Further Reading


Real Estate Market Crash of 2008 Leadup

by Steven Lohrenz

While many predicted the current collapse of the real estate market, others were taken by surprise when the market that had left plenty of opportunity in the last few years for profit began to tumble.

Certainly, one of the leading events that eventually resulted in the crash of the real estate market was the crumble of the subprime market. As a result an unfathomable amount of companies suddenly were suddenly facing foreclosure. Even those companies that were not forced to declare foreclosure found they had suddenly lost billions of dollars.

Reports regarding the subprime market crash have been splashed all over the news. While these events have affected most property owners, most are still uncertain how it all happened.

A few years ago many property buyers found subprime mortgages as a great advantage.
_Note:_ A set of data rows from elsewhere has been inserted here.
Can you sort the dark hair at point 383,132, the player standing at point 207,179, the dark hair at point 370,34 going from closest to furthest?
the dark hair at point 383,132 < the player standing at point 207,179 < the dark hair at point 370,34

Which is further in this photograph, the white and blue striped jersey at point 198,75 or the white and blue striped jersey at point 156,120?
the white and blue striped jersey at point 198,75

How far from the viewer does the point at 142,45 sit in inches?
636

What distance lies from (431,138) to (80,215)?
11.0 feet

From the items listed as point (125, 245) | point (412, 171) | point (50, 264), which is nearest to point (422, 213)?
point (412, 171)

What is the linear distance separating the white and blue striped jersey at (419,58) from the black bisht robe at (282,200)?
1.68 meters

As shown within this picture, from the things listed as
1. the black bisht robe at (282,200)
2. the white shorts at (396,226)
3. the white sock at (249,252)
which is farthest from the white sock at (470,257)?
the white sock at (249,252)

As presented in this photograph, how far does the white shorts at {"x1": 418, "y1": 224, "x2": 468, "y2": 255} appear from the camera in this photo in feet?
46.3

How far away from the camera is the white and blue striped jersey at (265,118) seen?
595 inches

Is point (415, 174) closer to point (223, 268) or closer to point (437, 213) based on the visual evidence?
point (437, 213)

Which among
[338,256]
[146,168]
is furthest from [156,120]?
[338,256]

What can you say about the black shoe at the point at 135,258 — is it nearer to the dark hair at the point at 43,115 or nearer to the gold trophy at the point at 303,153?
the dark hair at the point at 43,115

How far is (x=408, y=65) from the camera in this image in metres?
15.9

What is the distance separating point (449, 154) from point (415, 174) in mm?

Low credit ratings, eager buyers and institutions willing to give out subprime loans combined to allow investors to buy properties rapidly. On subprime loans, the underwriting guidelines are are easier to meet than on more convential mortgages. These gave people with poor credit a chance to obtain a loan. Lenders were able to charge higher rates of interest to these buyers with less than good credit. Additionally, lenders had the belief that if they had to foreclose on the home due to non-payment, they would be able to sell the property at a profit.

The money which funded these loans came from a variety of sources. Low interest rates made it possible in many instances for lenders to actually borrow money and then loan out those funds to home buyers. In other cases, the money was obtained from more complicated sources. As you may or may not be aware, it is not uncommon for governments to borrow money from central banks. This practice is particularly common in the United States.
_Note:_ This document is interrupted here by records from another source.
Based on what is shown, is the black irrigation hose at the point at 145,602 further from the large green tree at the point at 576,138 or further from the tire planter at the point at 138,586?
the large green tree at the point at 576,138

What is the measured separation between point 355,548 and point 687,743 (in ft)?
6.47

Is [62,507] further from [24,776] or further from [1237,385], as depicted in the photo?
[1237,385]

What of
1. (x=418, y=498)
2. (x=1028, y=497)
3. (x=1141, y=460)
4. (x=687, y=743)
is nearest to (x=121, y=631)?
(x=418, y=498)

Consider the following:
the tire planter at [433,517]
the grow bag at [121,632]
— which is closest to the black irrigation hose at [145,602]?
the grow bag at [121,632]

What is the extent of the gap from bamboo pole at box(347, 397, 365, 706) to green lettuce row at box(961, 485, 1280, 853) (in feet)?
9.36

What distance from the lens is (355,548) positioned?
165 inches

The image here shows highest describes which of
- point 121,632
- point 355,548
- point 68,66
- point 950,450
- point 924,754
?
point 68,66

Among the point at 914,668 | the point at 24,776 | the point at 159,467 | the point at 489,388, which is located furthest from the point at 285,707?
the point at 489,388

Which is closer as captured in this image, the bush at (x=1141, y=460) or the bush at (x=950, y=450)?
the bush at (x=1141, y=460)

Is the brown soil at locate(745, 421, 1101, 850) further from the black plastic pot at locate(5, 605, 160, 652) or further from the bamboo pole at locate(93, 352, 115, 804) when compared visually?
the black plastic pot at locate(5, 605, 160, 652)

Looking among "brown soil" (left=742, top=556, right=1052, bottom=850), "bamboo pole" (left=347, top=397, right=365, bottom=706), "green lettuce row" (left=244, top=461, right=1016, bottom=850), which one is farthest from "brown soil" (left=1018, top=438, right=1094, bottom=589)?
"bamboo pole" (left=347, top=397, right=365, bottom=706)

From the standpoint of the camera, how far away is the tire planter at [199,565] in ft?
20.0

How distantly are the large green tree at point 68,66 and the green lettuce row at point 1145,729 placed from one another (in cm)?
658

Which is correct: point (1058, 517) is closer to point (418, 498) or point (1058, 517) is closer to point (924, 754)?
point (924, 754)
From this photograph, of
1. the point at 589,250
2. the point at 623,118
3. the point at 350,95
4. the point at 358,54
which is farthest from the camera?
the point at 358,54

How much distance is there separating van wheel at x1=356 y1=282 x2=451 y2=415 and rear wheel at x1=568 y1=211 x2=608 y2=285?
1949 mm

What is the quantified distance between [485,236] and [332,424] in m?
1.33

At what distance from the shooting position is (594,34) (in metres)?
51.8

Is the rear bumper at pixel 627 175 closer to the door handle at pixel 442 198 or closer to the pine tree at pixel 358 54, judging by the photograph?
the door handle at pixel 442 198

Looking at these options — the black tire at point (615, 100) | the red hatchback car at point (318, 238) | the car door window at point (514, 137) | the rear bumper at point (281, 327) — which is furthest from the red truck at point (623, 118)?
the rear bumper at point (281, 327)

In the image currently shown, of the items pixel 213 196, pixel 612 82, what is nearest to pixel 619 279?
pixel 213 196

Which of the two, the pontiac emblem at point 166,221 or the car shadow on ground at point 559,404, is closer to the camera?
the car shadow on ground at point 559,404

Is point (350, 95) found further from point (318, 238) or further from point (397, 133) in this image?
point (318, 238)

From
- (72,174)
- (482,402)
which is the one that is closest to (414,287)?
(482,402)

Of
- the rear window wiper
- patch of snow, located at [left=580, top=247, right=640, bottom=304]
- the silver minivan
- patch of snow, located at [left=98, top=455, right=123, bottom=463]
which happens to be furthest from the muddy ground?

At the time the housing market was stable. In fact, the housing market was experiencing a high that had not been seen in quite some time. Beyond the fact that many homebuyers were taking on massive amounts of debt there also existed another problem. Due to the health of the real estate market at the time, in many cases there were expectations regarding future growth that in hindsight now appear to have been unrealistic.

2005 and 2006 saw the last of the housing boom. During that time and prior, lenders were throwing loans at anyone with a pulse. These subprime loans were tremendous cash cows for lenders. Problems began to occur when interest rates began to rise from previous record lows. Historically, rising interest rates have had a negative effect on the housing market. Low rates(cheap money) help produce demand and high rates tend to cause prices to fall. Up to mid-2006 the construction market could not keep up with increasing demand. At mid-year the demand began to fall. It was at this point the number of defaults and foreclosures began to mount.
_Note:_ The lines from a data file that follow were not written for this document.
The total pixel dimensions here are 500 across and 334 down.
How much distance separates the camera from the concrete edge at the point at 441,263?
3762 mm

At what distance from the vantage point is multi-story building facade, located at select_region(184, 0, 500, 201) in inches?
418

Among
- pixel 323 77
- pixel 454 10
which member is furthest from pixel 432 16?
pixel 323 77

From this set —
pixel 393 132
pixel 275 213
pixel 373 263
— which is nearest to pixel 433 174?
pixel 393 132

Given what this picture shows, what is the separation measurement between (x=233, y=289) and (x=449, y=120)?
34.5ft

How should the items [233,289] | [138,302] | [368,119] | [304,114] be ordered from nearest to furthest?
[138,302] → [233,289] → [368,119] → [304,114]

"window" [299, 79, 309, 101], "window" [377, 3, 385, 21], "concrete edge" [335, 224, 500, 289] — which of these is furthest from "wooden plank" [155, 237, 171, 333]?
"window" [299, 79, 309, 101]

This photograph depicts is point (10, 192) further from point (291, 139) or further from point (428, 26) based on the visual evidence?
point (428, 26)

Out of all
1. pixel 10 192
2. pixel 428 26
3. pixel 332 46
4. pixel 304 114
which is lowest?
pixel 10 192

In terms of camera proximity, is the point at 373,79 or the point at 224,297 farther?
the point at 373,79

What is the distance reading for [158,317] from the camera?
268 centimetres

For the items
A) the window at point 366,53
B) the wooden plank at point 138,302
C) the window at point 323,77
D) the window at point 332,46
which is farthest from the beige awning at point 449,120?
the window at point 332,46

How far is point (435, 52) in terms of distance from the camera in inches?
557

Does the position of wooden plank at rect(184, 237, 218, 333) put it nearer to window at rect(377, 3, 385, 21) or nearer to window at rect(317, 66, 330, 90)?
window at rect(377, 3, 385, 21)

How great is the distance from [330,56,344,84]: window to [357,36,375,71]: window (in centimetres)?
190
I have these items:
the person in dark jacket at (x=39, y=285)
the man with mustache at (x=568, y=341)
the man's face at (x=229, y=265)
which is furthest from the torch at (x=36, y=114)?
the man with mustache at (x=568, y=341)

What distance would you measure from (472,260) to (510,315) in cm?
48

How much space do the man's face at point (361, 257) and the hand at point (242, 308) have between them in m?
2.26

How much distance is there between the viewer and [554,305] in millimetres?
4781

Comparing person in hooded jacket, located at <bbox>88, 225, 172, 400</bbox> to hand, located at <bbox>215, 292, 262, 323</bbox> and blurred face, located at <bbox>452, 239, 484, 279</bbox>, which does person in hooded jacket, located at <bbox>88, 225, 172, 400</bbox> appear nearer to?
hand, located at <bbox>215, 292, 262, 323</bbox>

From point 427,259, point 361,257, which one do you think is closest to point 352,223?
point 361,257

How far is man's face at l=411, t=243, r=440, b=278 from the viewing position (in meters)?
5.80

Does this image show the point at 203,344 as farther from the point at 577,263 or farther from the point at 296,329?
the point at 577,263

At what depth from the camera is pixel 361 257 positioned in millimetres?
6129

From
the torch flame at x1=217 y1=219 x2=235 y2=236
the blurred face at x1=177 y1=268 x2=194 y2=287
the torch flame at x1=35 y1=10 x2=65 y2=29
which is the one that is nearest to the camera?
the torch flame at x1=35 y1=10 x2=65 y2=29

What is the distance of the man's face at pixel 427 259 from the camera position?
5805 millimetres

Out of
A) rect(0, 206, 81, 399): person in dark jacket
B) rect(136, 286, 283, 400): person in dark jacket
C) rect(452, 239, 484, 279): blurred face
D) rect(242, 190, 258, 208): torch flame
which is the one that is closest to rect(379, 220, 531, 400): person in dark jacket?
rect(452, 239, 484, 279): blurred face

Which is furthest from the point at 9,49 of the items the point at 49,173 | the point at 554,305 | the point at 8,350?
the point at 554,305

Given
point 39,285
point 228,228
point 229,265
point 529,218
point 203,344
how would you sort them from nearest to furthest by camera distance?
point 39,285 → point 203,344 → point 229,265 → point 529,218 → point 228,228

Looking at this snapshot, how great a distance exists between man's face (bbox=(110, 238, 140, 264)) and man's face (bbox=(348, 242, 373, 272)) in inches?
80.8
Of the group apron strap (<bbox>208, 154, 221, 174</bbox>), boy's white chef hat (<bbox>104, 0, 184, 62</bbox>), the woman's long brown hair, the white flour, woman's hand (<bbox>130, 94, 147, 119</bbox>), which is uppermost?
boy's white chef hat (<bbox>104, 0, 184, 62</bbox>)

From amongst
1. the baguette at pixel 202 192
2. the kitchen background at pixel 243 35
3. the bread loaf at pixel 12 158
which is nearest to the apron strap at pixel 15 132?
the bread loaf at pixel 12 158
Before long many mortgage lenders began to find it difficult to obtain money from their previous sources of funding. As a result, would-be buyers discovered that loans were no longer as easy to obtain due to the fact that money was no longer as widely available. Additionally, investors suddenly became wary of taking on risk and underwriting guidelines grew stricter. Homeowners who had taken out loans with adjustable rates began to find it difficult to meet their mortgage payments as interest rates continued to rise. More stringent underwriting guidelines meant they were unable to refinance to fixed rate mortgages in some cases. As a result, defaults continued to rise; fueling the massive rash of foreclosures.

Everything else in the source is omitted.